+++ EXTRACTED INFORMATION +++

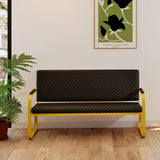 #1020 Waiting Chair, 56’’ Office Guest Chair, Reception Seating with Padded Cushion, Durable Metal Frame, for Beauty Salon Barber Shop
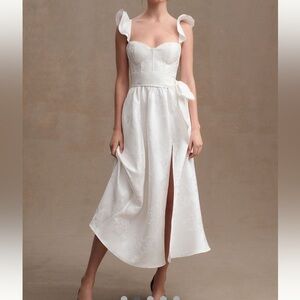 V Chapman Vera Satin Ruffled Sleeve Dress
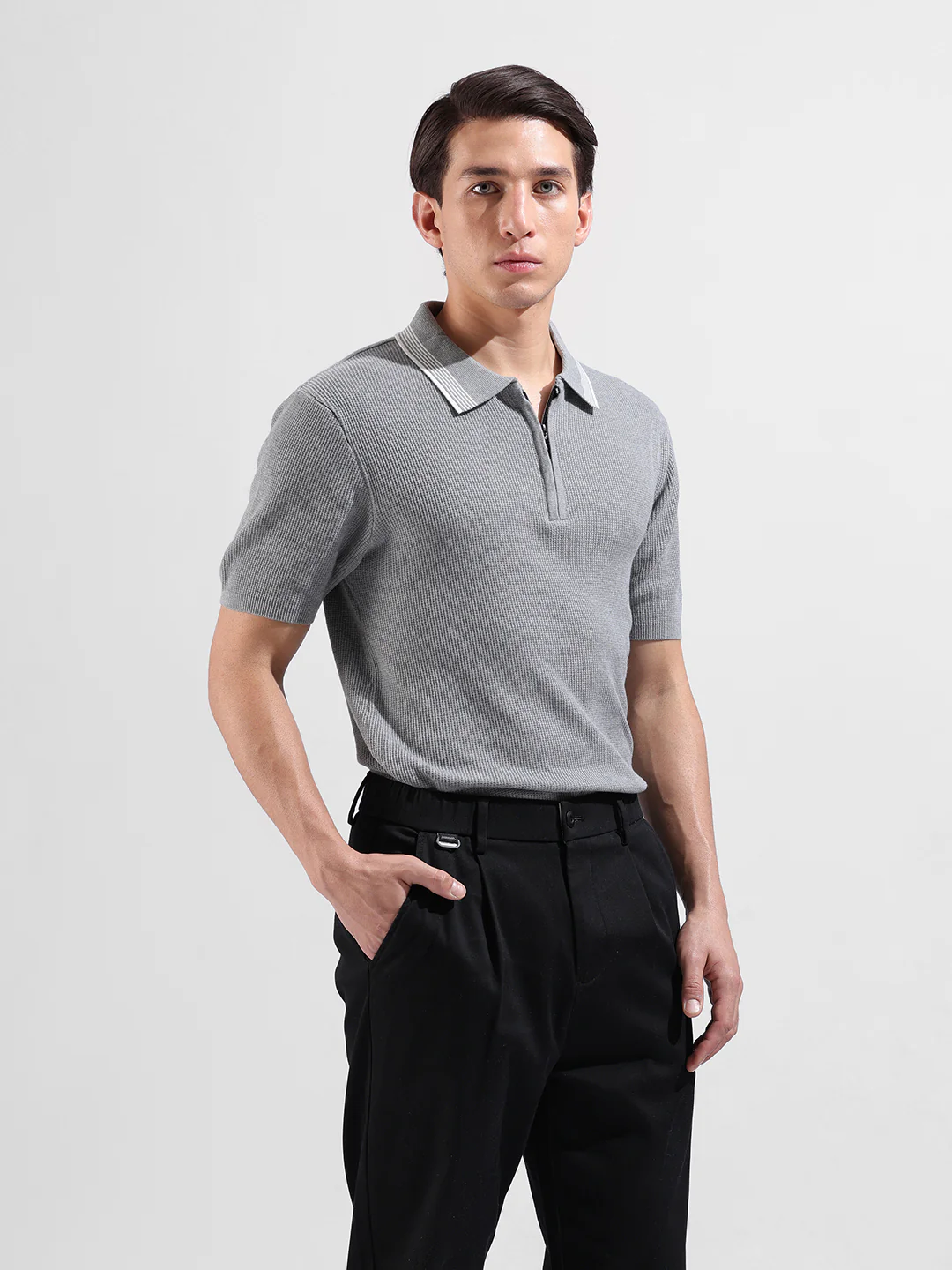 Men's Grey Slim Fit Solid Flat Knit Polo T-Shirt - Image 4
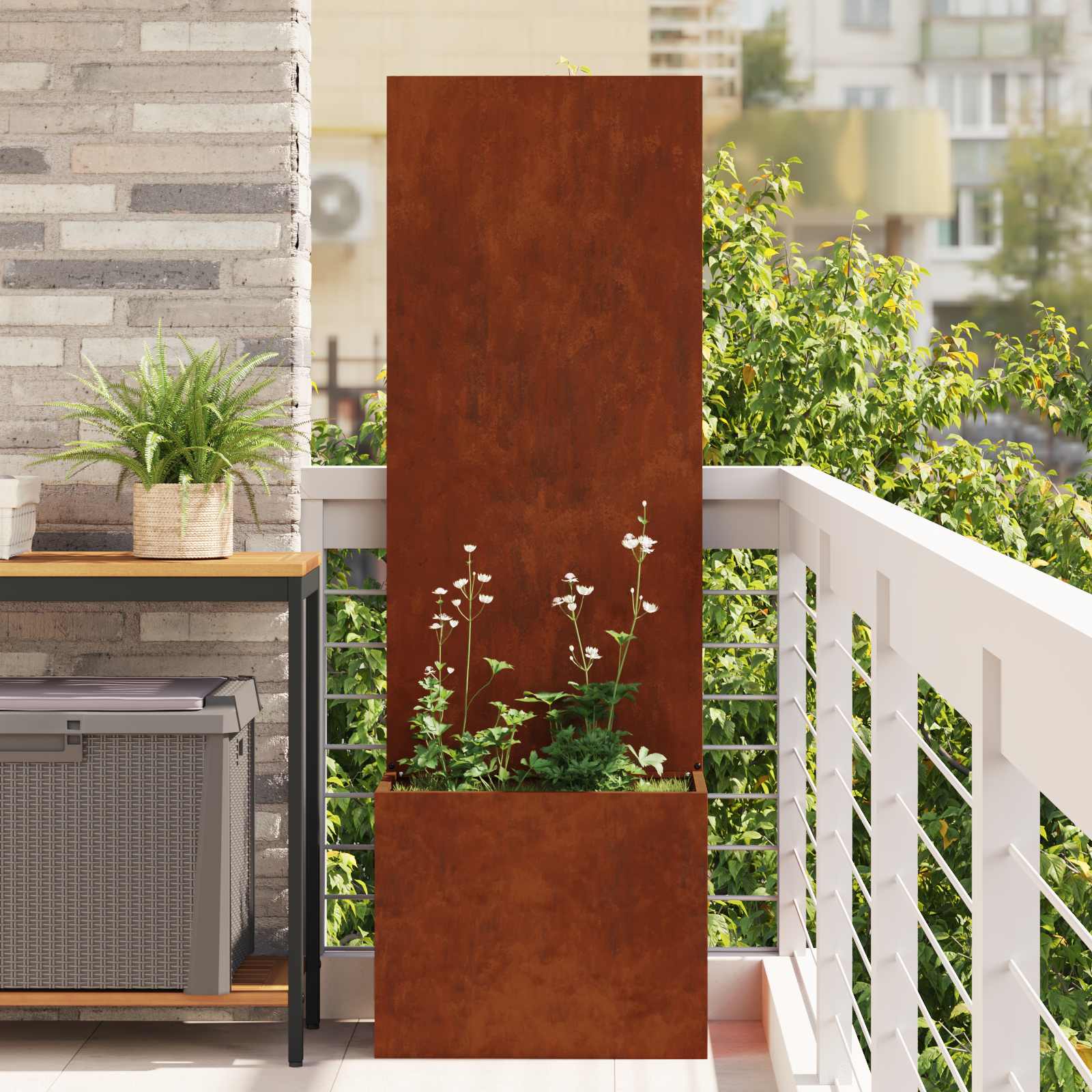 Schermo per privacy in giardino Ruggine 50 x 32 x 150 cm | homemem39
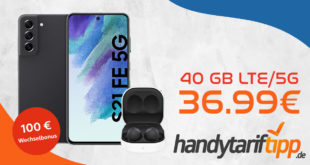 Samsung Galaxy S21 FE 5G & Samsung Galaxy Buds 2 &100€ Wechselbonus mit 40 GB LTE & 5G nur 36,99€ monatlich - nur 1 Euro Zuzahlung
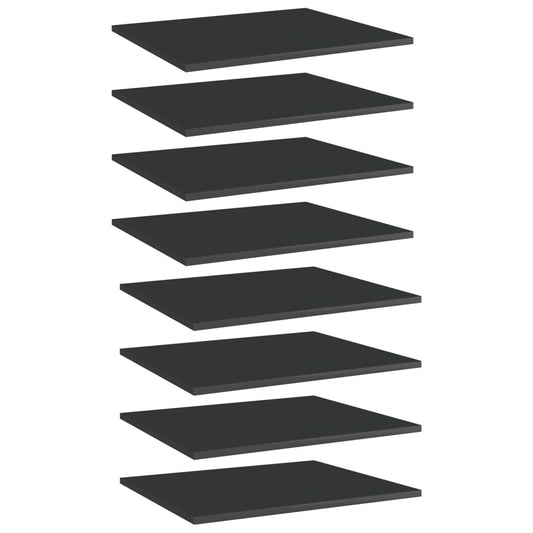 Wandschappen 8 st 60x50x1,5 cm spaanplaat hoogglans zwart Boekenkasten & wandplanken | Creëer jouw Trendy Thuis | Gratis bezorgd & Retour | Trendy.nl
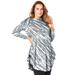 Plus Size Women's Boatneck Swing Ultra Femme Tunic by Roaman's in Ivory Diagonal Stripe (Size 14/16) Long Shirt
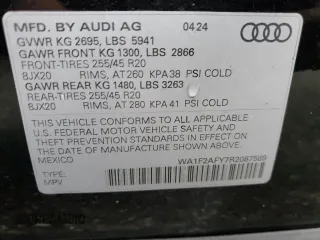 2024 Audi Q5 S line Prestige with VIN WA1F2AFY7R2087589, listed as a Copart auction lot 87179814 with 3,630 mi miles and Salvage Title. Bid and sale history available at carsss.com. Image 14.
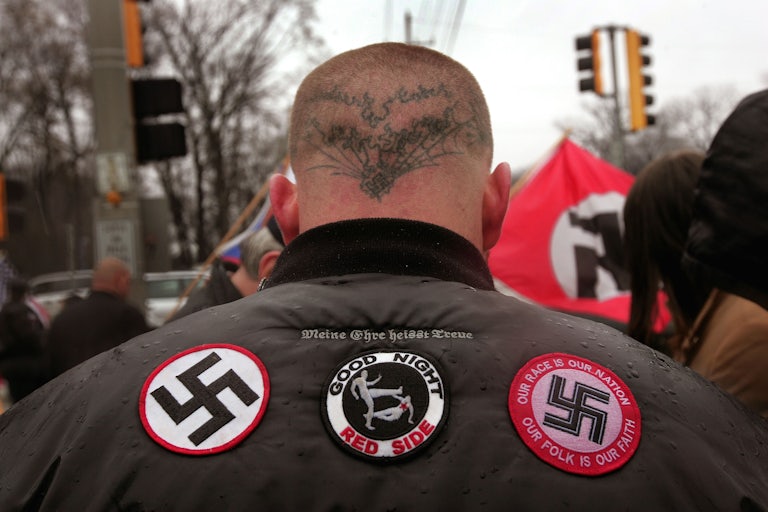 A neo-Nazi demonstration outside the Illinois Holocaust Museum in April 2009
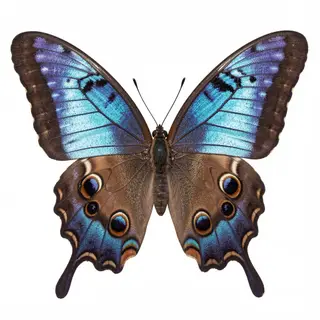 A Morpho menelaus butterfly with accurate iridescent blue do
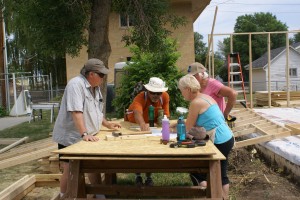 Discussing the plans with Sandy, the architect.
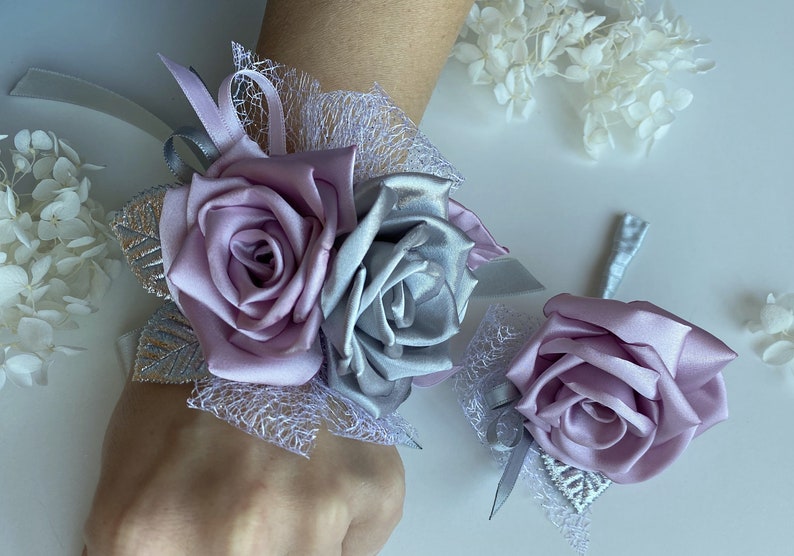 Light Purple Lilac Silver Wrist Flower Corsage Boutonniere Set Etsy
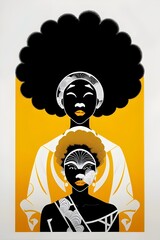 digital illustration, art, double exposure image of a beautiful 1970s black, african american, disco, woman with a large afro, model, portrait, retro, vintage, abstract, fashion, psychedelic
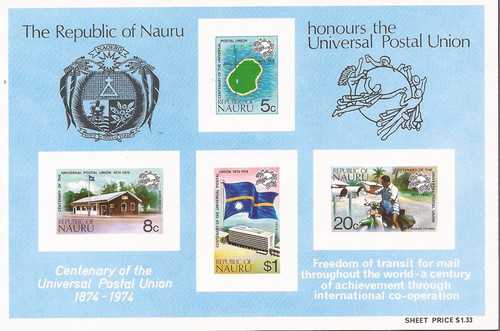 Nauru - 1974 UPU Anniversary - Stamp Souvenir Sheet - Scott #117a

+++

Please transcribe, word for word, every line from the one containing "digital illustration, art, double" through the last line of the records, both included, and leave the pictures out.

__SOLUTION FOR THIS EXERCISE__.
 digital illustration, art, double exposure image of a beautiful 1970s black, african american, disco, woman with a large afro, model, portrait, retro, vintage, abstract, fashion, psychedelic
 Nauru - 1974 UPU Anniversary - Stamp Souvenir Sheet - Scott #117a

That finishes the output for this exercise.